If there’s any aspect of your mortgage pre-approval that you don’t understand or would hope to modify, talk to your lender! Many buyers get an initial pre-approval and use it as a basis to discuss other options – for example, if you hope to qualify for a different purchase price, you may consider exploring different types of loan products.
We recommend you set up a time to walk through your mortgage pre-approval in depth with your loan officer.
Should I shop around?
Buying a home is a big purchase, and it’s important that you feel comfortable and confident about your mortgage. We often get asked if it makes sense to “shop around” and apply for mortgage pre-approvals at a few different lending institutions.
Every situation is different. Some families apply at one institution and are happy with the service, interest rate, and total financial package.
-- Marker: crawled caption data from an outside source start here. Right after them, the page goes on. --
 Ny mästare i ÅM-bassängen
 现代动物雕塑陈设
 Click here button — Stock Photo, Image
Other families may aim to deeply understand all the options available to them and complete the mortgage pre-approval process at a handful of lenders to compare.
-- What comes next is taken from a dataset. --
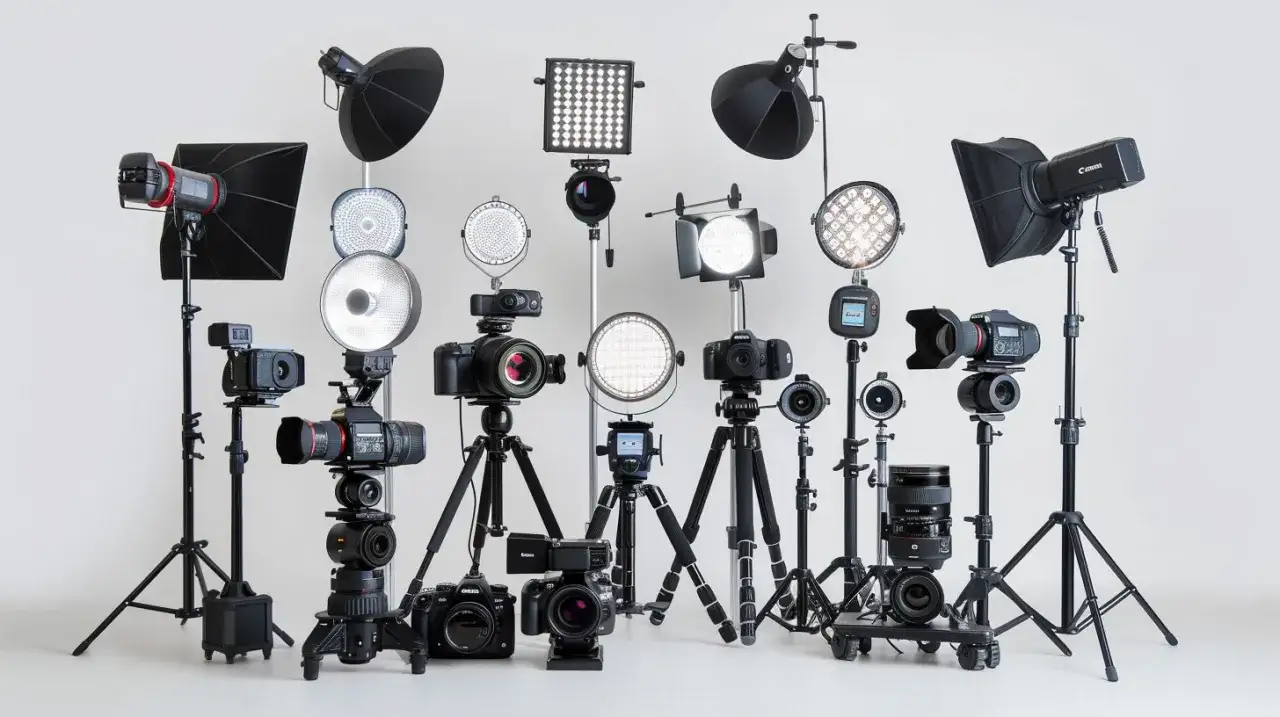Lampa do nagrywania filmów - Przegląd lamp do nagrywania filmów.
One thing to keep in mind: applying for a mortgage pre-approval at a few different lending institutions could have an impact on your credit score. To mitigate the impact of this, some buyers plan to discuss their financial situation with each lending institution before completing the formal pre-approval process.
When in doubt, we recommend picking up the phone or setting up a visit with your loan officer – there’s no such thing as a silly or trivial question when it comes to your finances. The most important thing is that you feel fully informed and confident in the mortgage that you get.